La loi 72-38, adoptée en 1972, a profondément marqué l’économie tunisienne en instaurant un régime fiscal avantageux pour les entreprises exportatrices. Ces sociétés bénéficient d’une exonération totale d’impôt sur les sociétés pendant leurs dix premières années d’activité, suivie d’un taux préférentiel de 10% pour la décennie suivante. Ce système “offshore” a permis également aux entreprises dont au moins 66% du capital est détenu par des non-résidents de rapatrier leurs bénéfices en devises étrangères, tout en leur autorisant d’écouler jusqu’à 50% de leur production sur le marché local. Bien que ces mesures aient initialement attiré des investissements étrangers et créé des emplois, elles ont aussi créé des distorsions économiques majeures.
Ce régime fiscal particulier représente désormais deux tiers des exportations tunisiennes, créant une dépendance économique problématique. La Tunisie s’est retrouvée piégée dans les premiers maillons de la chaîne de valeur mondiale, notamment dans le secteur textile, sans parvenir à monter en gamme comme prévu. Cette situation a accentué les inégalités fiscales entre entreprises “offshore” et “onshore”, ces dernières étant taxées à 25% (contre 35% initialement). Les 34317 entreprises offshores recensées en 2022, par l’INS, jouent le rôle de la “colonne vertébrale” dans l’économie nationale, mais leur présence fragilise le tissu industriel local et complique la montée en compétences des travailleurs tunisiens.
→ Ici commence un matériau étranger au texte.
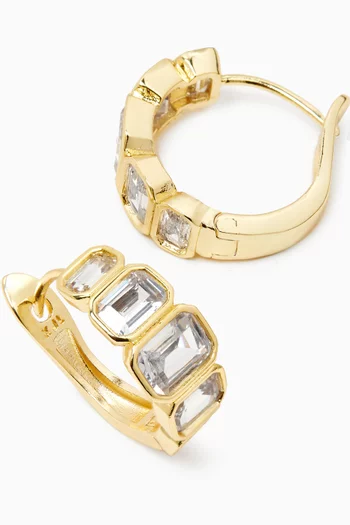 Emerald-cut Bezel CZ Hoop Earrings in Gold-plated Brass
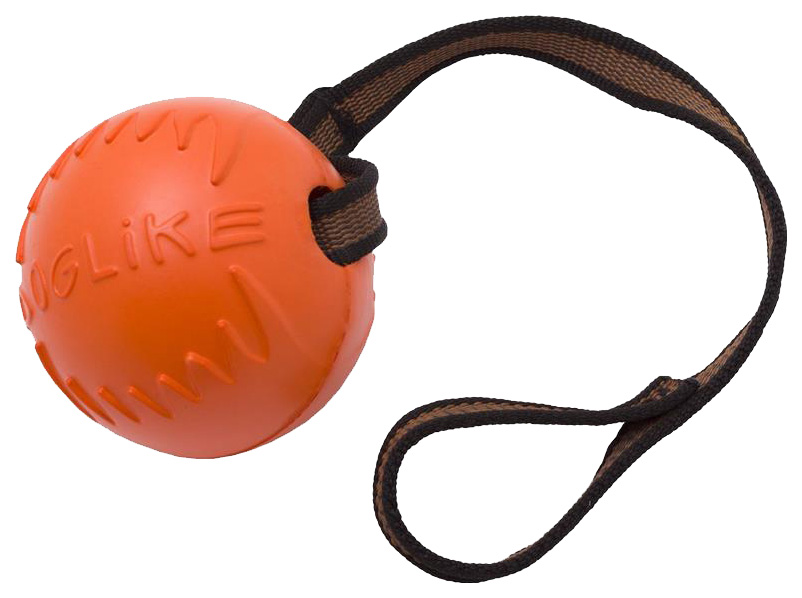 Апорт для собак DOGLIKE Мяч с лентой средний, оранжевый, 70 см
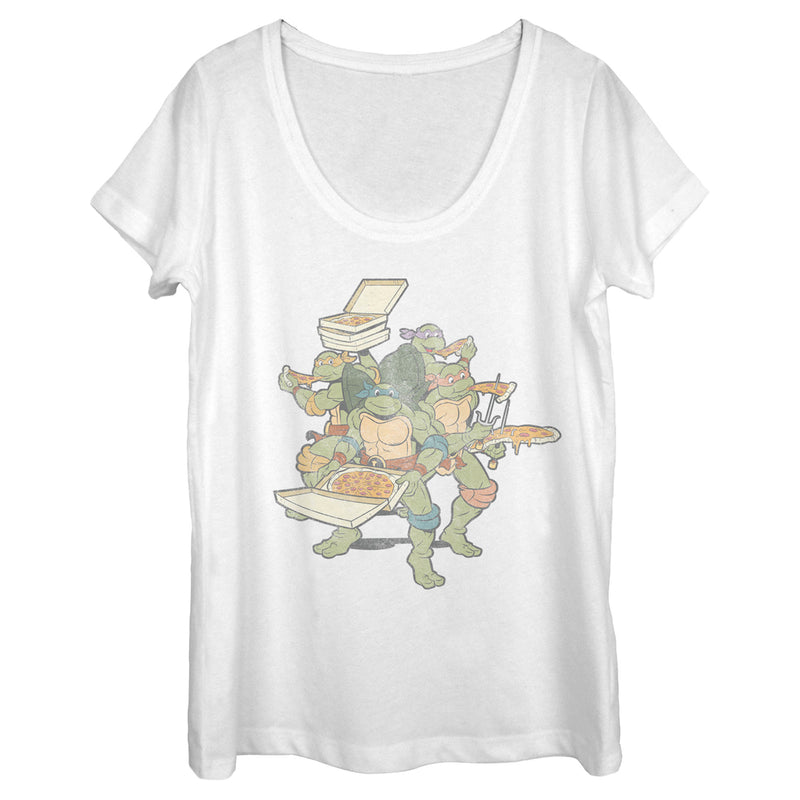 Women's Teenage Mutant Ninja Turtles Distressed Pizza Lovers Scoop Neck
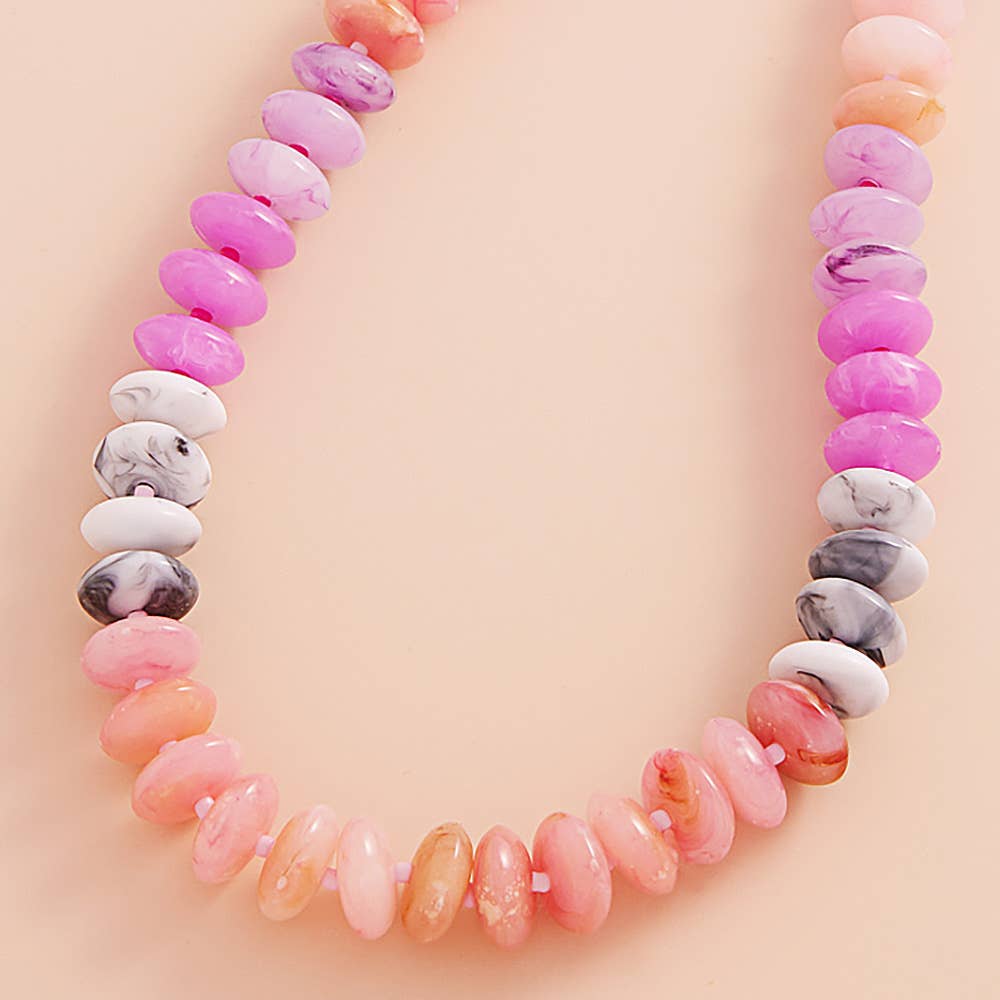 Ombre Resin Oval Disk Beaded Necklace - House Of Jedidiah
Pour éviter un scénario catastrophe, les experts préconisent une refonte progressive et stratégique de la loi 72. Plutôt que de simplement aligner les taux d’imposition, il devient urgent de repenser le positionnement économique de la Tunisie dans la chaîne de valeur mondiale. Cela nécessite de transformer le modèle économique actuel en encourageant la montée en gamme des productions locales et en développant des secteurs à forte valeur ajoutée. La réussite de cette transition dépendra de la capacité du gouvernement à concilier attractivité fiscale, justice sociale et développement durable, tout en préservant l’emploi et la compétitivité internationale du pays.